Photographe mexicain et homosexuel, Nelson Morales arpente l’Amérique latine pour saisir la présence d'une culture queer dans les communautés autochtones du Mexique et de Colombie. Son objectif sur l’épaule, il capture les visages de transgenres male to female du Mexique et d’Amazonie depuis six ans :
J’ai commencé par de la photographie documentaire dans ma région, capturant les personnes et la culture pour raconter des histoires (…), montrer notre richesse. Durant ce processus je suis tombé sur un sujet ayant une résonnance toute particulière pour moi : les Muxes.

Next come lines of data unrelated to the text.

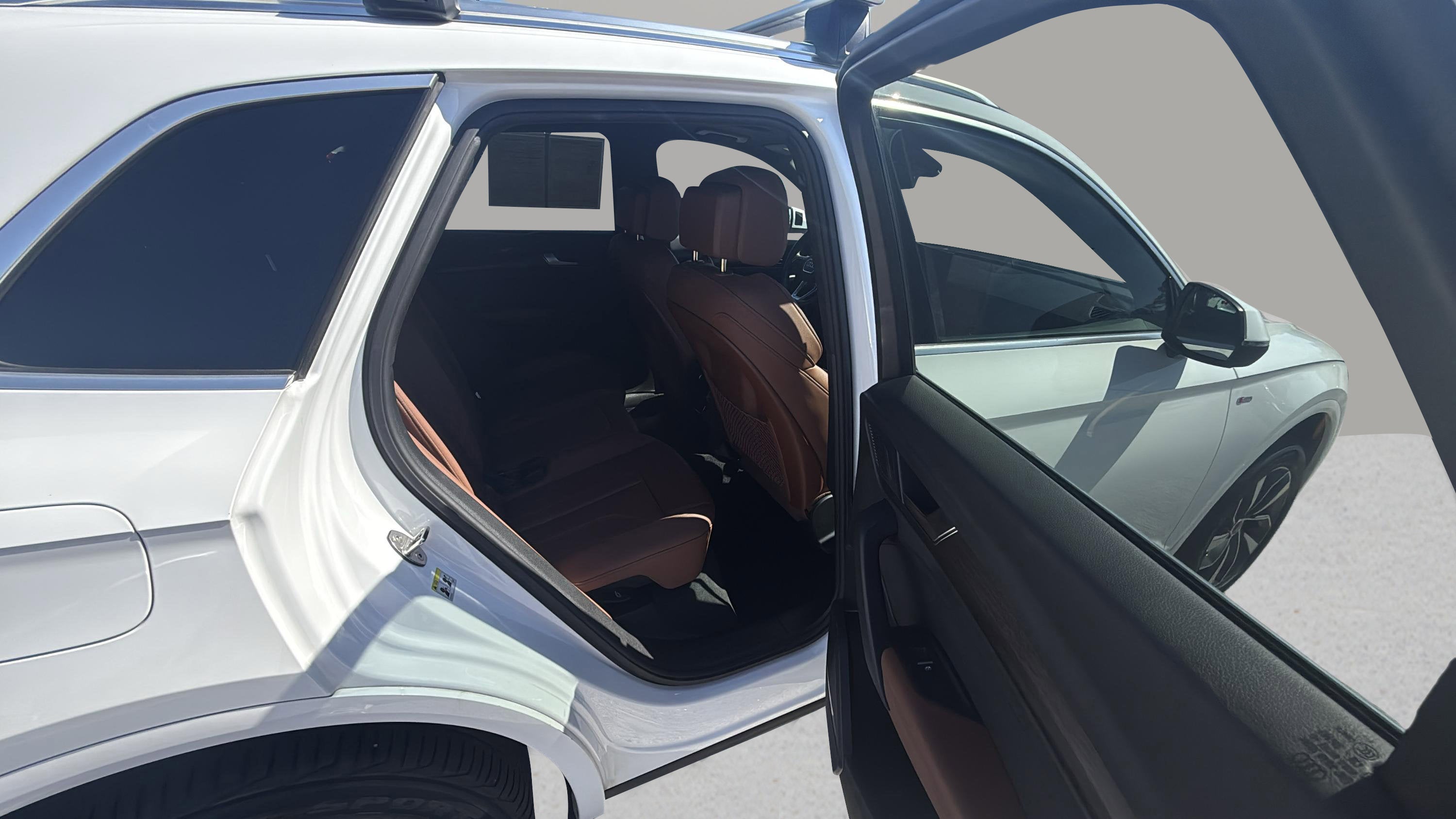 2024 Audi Q5 S line Premium Plus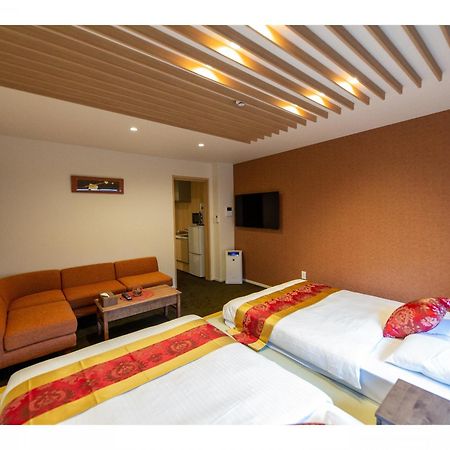 Grand Base Hiroshima Ekimae Aparthotel Exterior photo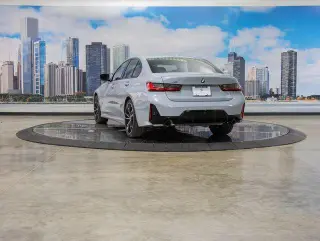 BMW Serie 3 2024 tracción en todas las ruedas 330i xDrive sedan de 4 puertas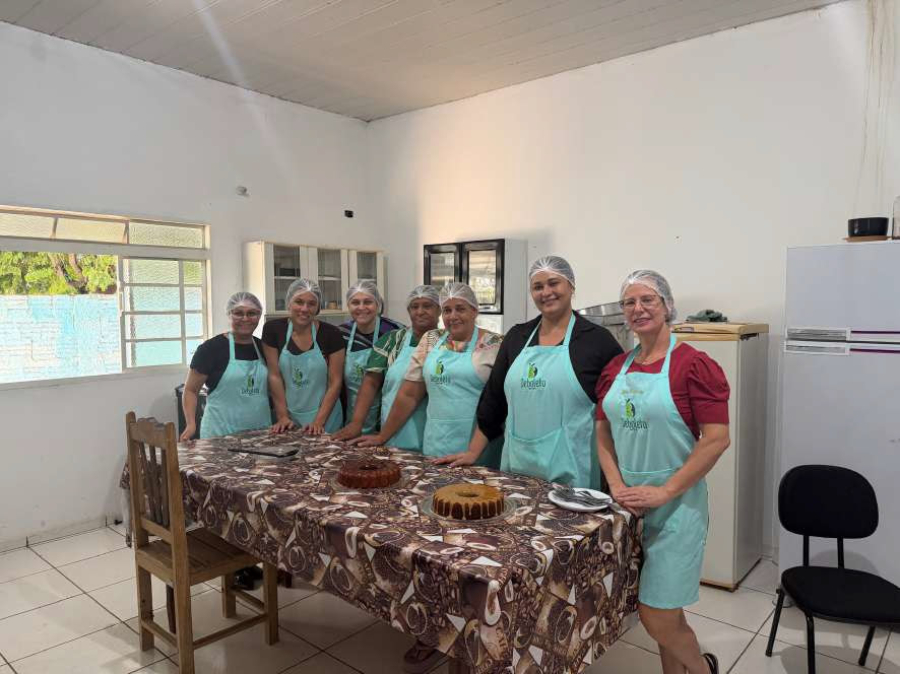  Curso de gastronomia capacita mulheres em Água Clara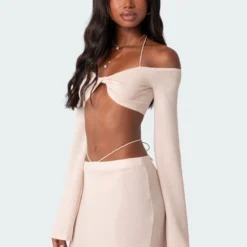 Celeste Off Shoulder Twist Crop Top -Default Template 2 Edikted lookbook 05 09 202310071 PhotoRoom PhotoRoom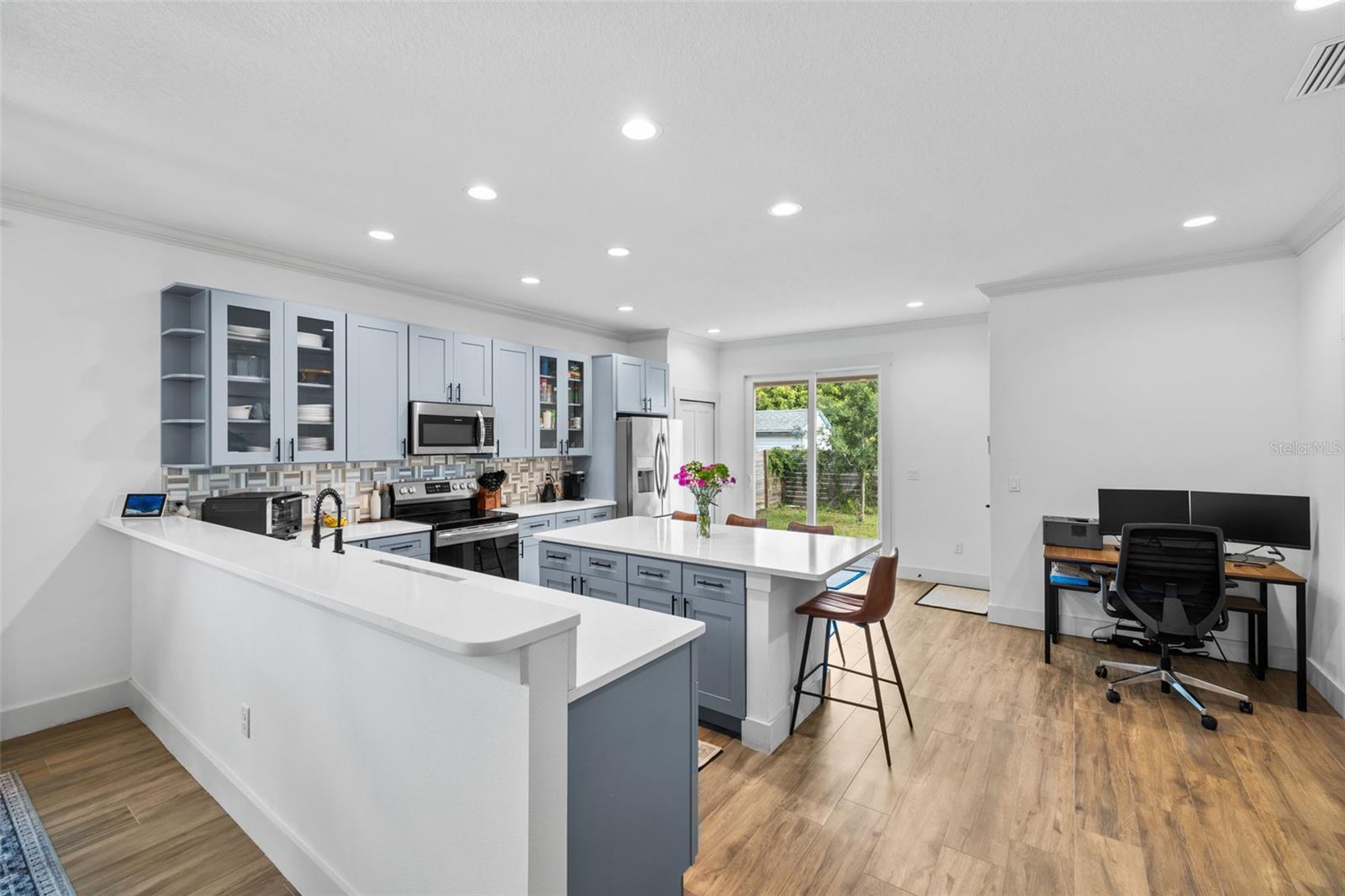 Image 17 of 43 For 1520 Diana Street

Les Muxes, communauté transgenre du Mexique
Les Muxes (ou Muxhes, transcription zapothèque de mujer, femme en espagnol) forment la communauté homosexuelle zapothèque d’Oaxaca au sud du Mexique. Comme l'explique le photographe, les Muxes vivent dans un corps masculin mais se sentent comme des femmes, et sont davantage acceptées et tolérées que dans le reste du pays. Déjà dans les années 1980, la photographe Graciela Iturbide les mettait en lumière à travers une série de portraits consacrée à Magnolia, une des premières Muxes connue. Pour Nelson Morales, la reprise de ce travail sur les Muxes s'inscrit alors comme un défi artistique, technique, mais aussi personnel :
Quand j’ai découvert mes préférences (homosexuelles), j’ai refusé d’être l’un d’entre eux (les Muxes) car je ne voulais pas me travestir ou changer mon identité. Grâce à la photographie, j’ai pu trouver une place particulière dans ce groupe, devenant un complice, un ami.
Un nouvel éclairage sur le genre et la sexualité
Dans plusieurs séries photographiques, le photographe rend hommages à la communauté autochtone singulière des Muxes, mais aussi aux Ticunas, population colombienne manifestant également une expression libérée de la féminité. Tantôt camp, tantôt baroque, le travail de l’artiste signe ainsi une ôde à la diversité sexuelle aux allures de voyage onirique, comme il s’en confiait aux médias espagnols en 2015 :
Mon thème est la sexualité. Dans le cas des Muxes, je suis entré dans leurs rêves et leurs fantasmes pendant cinq ans, et je tiens à le montrer ouvertement, selon une mise en scène à la fois libre, érotique et sensuelle.
Après s’être intéressé aux communautés transgenres du Mexique et de Colombie, Nelson Morales travaille désormais sur une série d’autoportraits. Sur le marché de l’art, ses photographies de Muxes se vendent à plusieurs milliers de dollars, et l’artiste s’apprête à publier son premier ouvrage.